Saturday, 30 May 2009

Good Job!

Twenty nine Nigerians and seven corporate bodies have been selected by the Federal Government for this year's National Productivity Award.

Addressing journalists this week, Minister of Labour and Productivity, Prince Adetokunbo Kayode said no nation can enhance the quality of life of its citizenry as well as be self reliant and competitive in the international market without productivity improvement in all sectors of its economy.

"It is imperative that the citizenry be consistently reminded on the need for developing a productive mindset that would ensure the growth of all sectors of economy."

On his part, the Director General of the National Productivity Centre, Dr Paul M. Bdliya said the awardees would receive plaques and certificates personally signed by the President.

Among awardees are Engineer Bunu Sheriff Musa, Professors Sam Ale, Abiodun Ilesanmi, Olusegun Oke, Ayodele Makanjuola, Mathew Agu and Gladys Falusi.

Others are Mr. Aigboje Aig-Imoukhuede, Alhaji Umaru Shagalinku and Mazi Clement while Engineers Shamsideen Elegba and Markus Gundiri will also receive awards.

Corporate organisations to be honoured are DAAR Communications, Mr. Biggs, NAFDAC Abuja, VEE TEK Nigeria Ltd, Aba, Abia State, Tofa General Enterprises, Students in Free-Enterprise (SIFE) Obafemi Awolowo University, Ile-Ife and the Raw Materials Research and Development Council Abuja.

Saturday, 23 May 2009

Are you prepared fro Swine Flu?

You might think that the Swine flu crisis is over. There have been few reported new cases in recent days. Can we all relax. Well, perhaps!

The problem is that a new variant of the virus might rear its head ... with greater effect.

Do we just deal with it when it happens. In a way, yes .. but it does make sense to do whatever you can ... like reviewing policy and practice on home working. Many organisations are looking at such issues - usually with a view to saving money on additional property costs as the firm grows. But home working could be a useful way of stopping a new strain of Swine Flu spreading through your workforce.

So, one thing you can do now is to check which of your IT systems might need to be modified to allow access to data at home - in a secure manner.

Saturday, 16 May 2009

Economic and Environmental imperatives

The biggest research imperative facing Agriculture today is to find ways of reducing greenhouse gas emissions that also deliver productivity gains according to the Australian Council of Deans of Agriculture (ACDA).

At their meeting in Canberra this month, ACDA president, Professor Roger Leigh, indicated that 2013 is the date set to review the involvement of agriculture in any carbon trading scheme.

“Doing nothing in the meantime to address agricultural emissions will see agricultural costs of production increase,” Professor Leigh says. "And these costs need to be offset by productivity increases."

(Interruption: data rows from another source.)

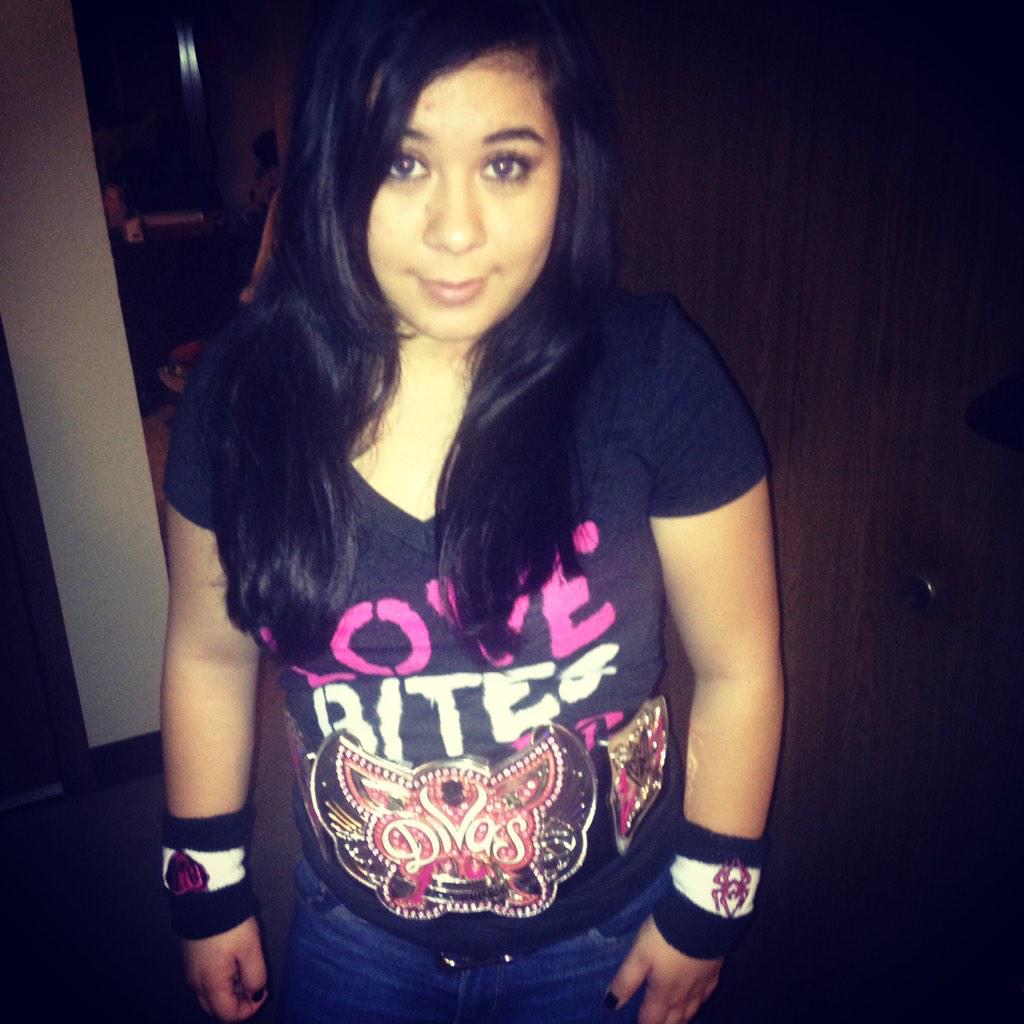 MerluvsBrian411's tweet image. Good luck @WWEAJLee you got this you're going to get your baby back #TeamAJ #blackwidow #TLC #AJLee #AJLee4DivasChamp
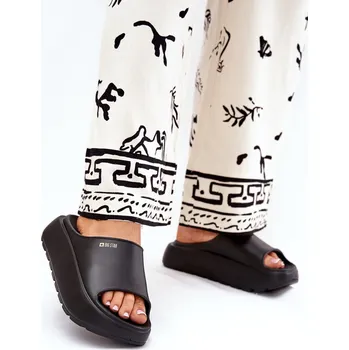 Dámské pantofle Dámské Pěnové Pantofle Na Platformě Big Star RR274A569 Barva: Černá, Velikost: 41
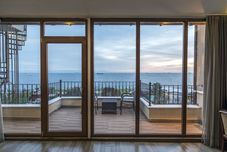 Lainnya Bucoleon by Cheers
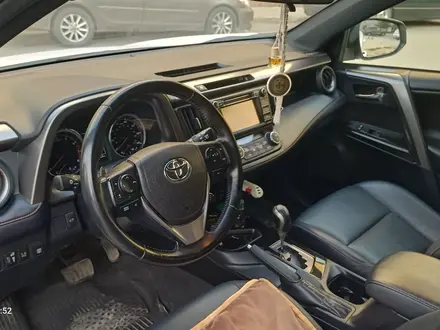 Toyota RAV4 2017 года за 9 000 000 тг. в Актау – фото 15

Prof Leigh went on to say that Australian agriculture has a substantial long-term opportunity to contribute to addressing the world’s food shortages as well as continuing to underpin the Australian economy through its export earnings.

Monday, 11 May 2009

New Zealand needs New Productivity

Raising productivity has been identified in an OECD report on New Zealand as the country's greatest medium term challenge. The report analyses New Zealand's economic situation, identifies perceived failings and offers a raft of measures on to how to improve them.

It noted New Zealand's economy was now among the most indebted in the OECD (Organisation for Economic Co-operation and Development) group of 30 industrialised nations.

While a process of debt reduction had started, persistent, large current-account deficits and a high external debt rendered the economy especially vulnerable in the recession. The report suggests that the economy is likely to remain in recession throughout 2009, before recovering "only hesitantly" in 2010 and goes on to say that increased productivity growth is critical for closing the large income gap with other OECD countries, and that government ownership should be reassessed to spur competition in certain sectors.

Sunday, 3 May 2009

Conservation Agriculture boosts productivity

Unlike conventional farming practices, conservation agriculture (CA)is aimed at attaining food security at the household level by minimizing soil disturbance, maintaining a permanent soil cover and practising crop rotation. When these are practised together with other good agronomic practices it is possible to increase yields significantly.

Labour or fuel costs are reduced dramatically by moving away from ploughing. Fertilizer and moisture are used more efficiently by concentrating them where they are needed by the crops.

Experience from pilot CA projects in Zambia and Zimbabwe shows increased access to food by those that practice it. This in turn has reduced their dependence on food markets and has increased their resilience to weather and socio-economic related shocks” said Bernard Namachila, Permanent Secretary, Ministry of Agriculture and Cooperatives in Zambia at a regional event on CA event in April.